----- RECORDS PROVIDED -----
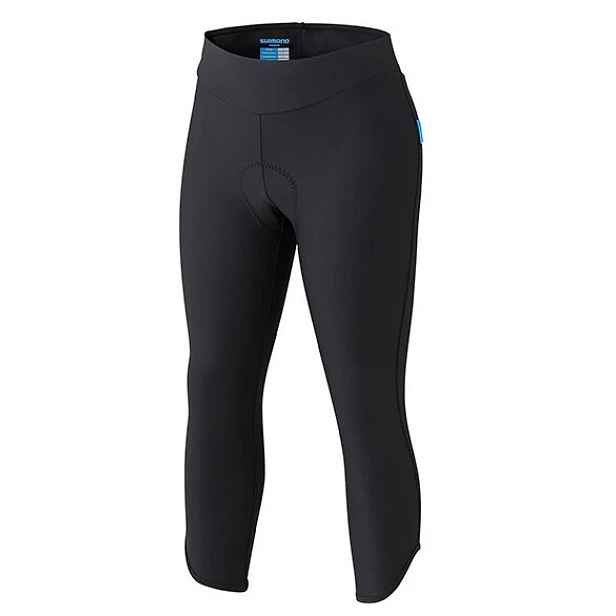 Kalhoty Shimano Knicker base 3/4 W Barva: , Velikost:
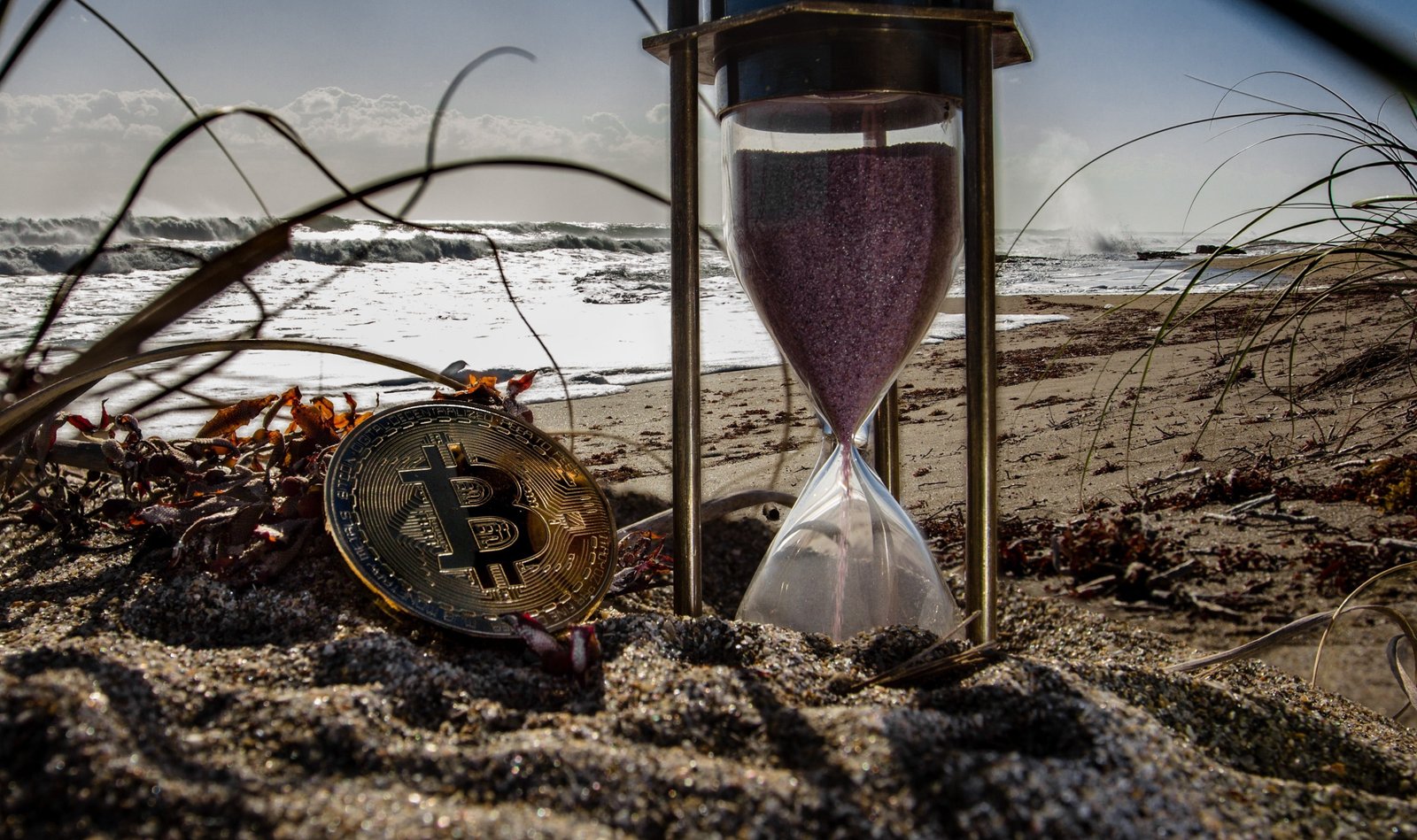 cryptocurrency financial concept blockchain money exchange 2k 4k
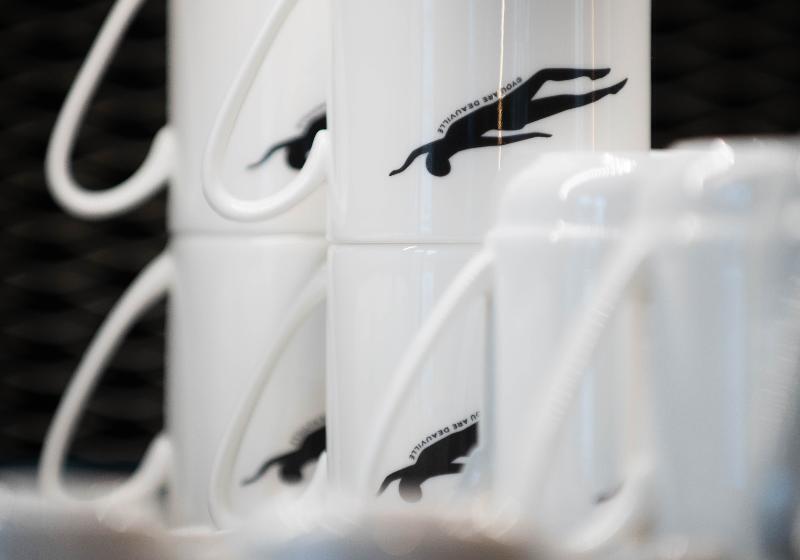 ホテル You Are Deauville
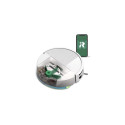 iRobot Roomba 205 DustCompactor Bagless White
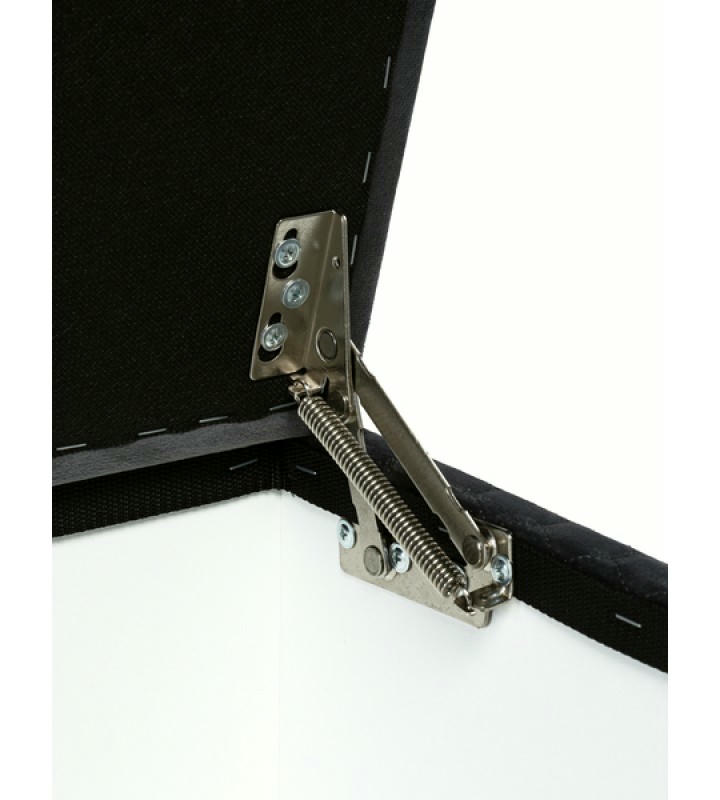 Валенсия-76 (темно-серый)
-----
_YOUR ASSIGNMENT_
Beginning with the line that bears "ホテル You Are Deauville", output each line through the last line of the listing exactly, and no others; skip the pictures.

_RESPONSE BOX_
 ホテル You Are Deauville
 iRobot Roomba 205 DustCompactor Bagless White
 Валенсия-76 (темно-серый)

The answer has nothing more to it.